= Beginning of Section =
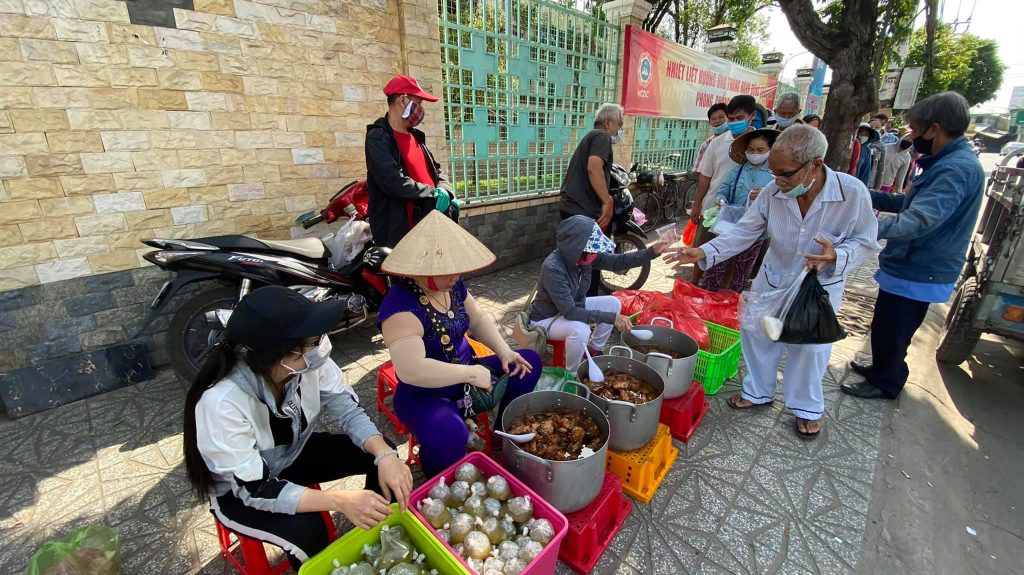 Người nghèo có cuộc sống ngắn hơn 2 năm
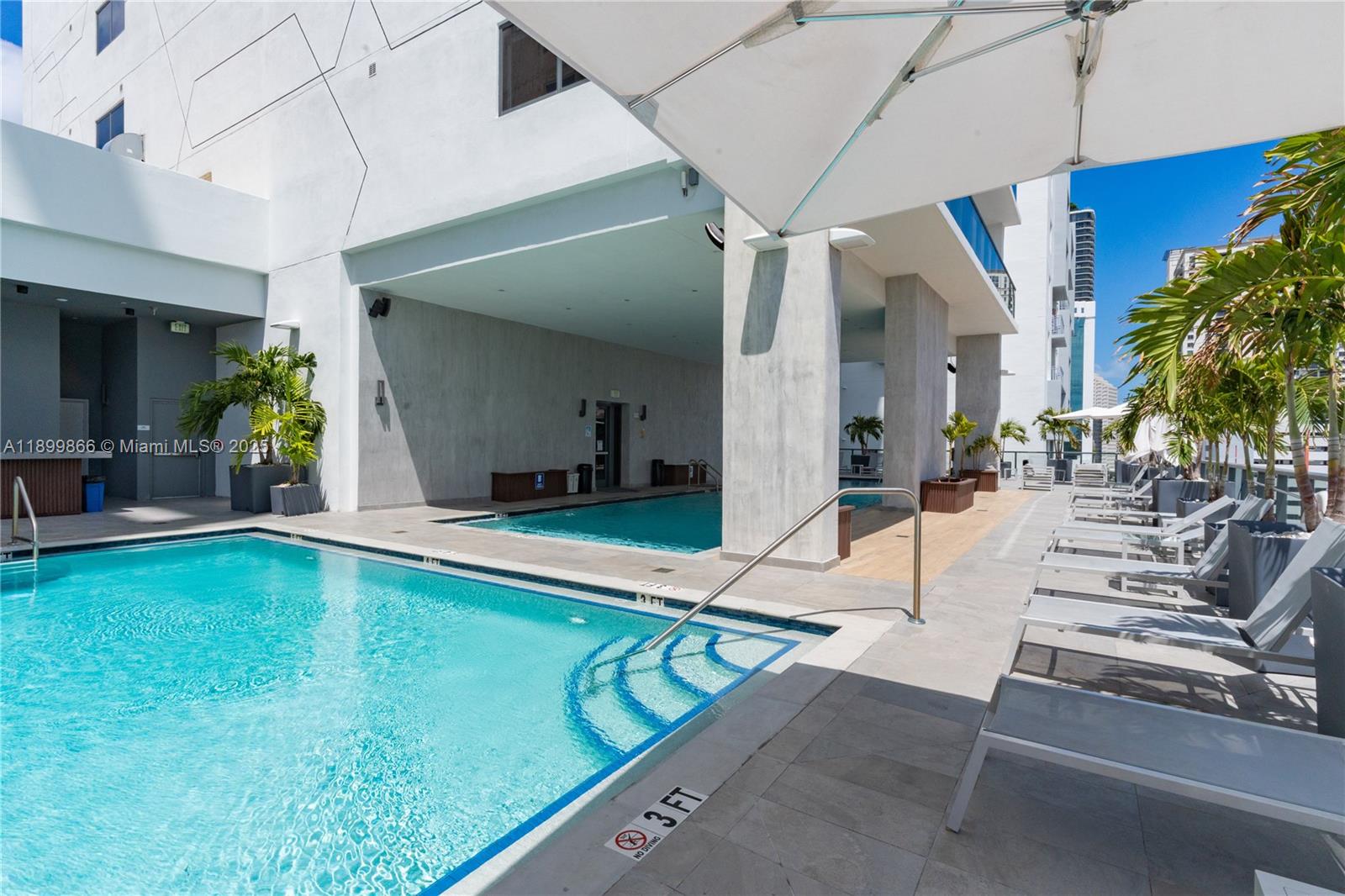 SMART BRICKELL - Residential
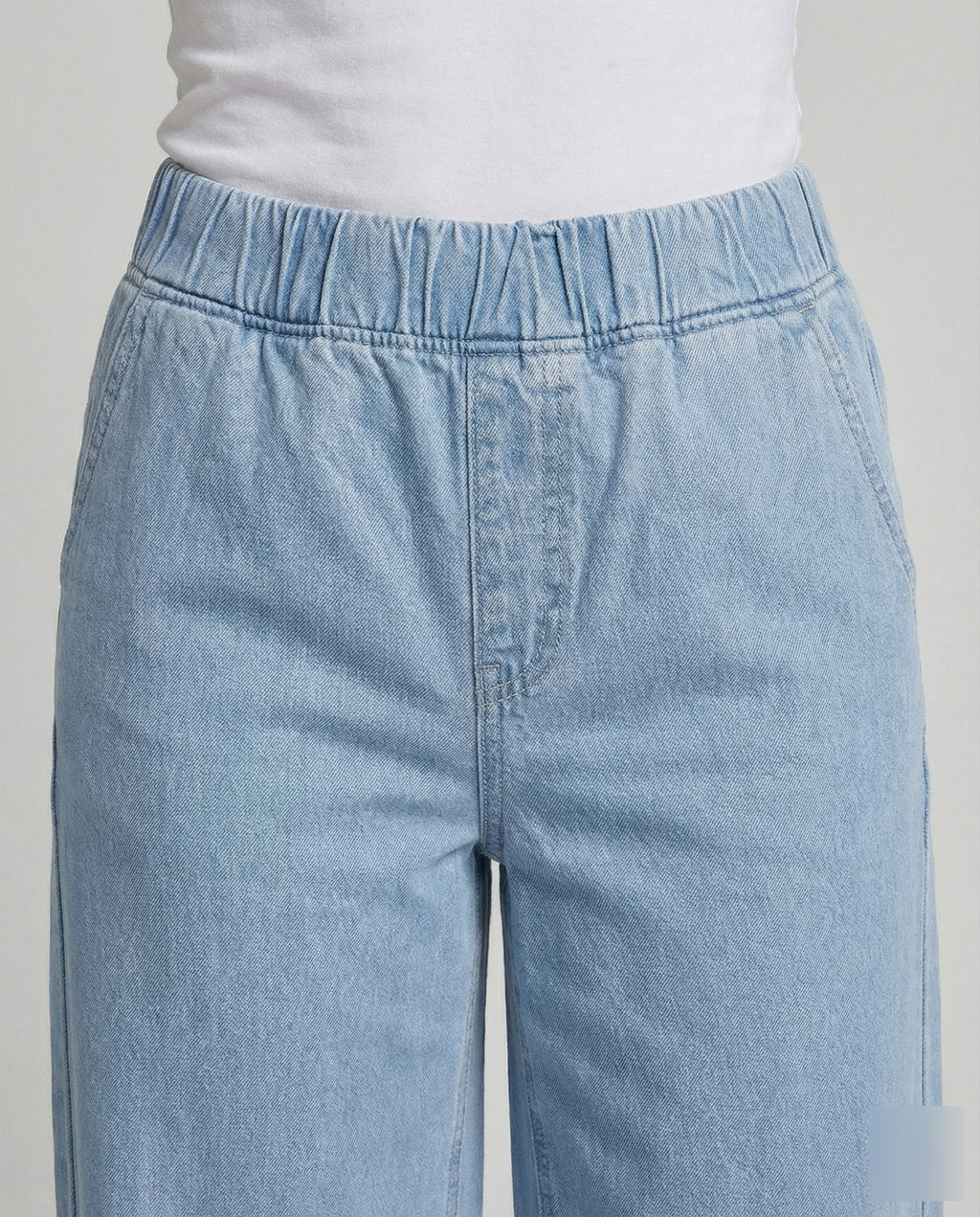 Women's Wide Denim Trousers in Palazzo Style - Close-Up Detail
= End of Section =
> _What to do_
Could you restate all of the data above word for word and skip every picture?

> _Result_
 Người nghèo có cuộc sống ngắn hơn 2 năm
 SMART BRICKELL - Residential
 Women's Wide Denim Trousers in Palazzo Style - Close-Up Detail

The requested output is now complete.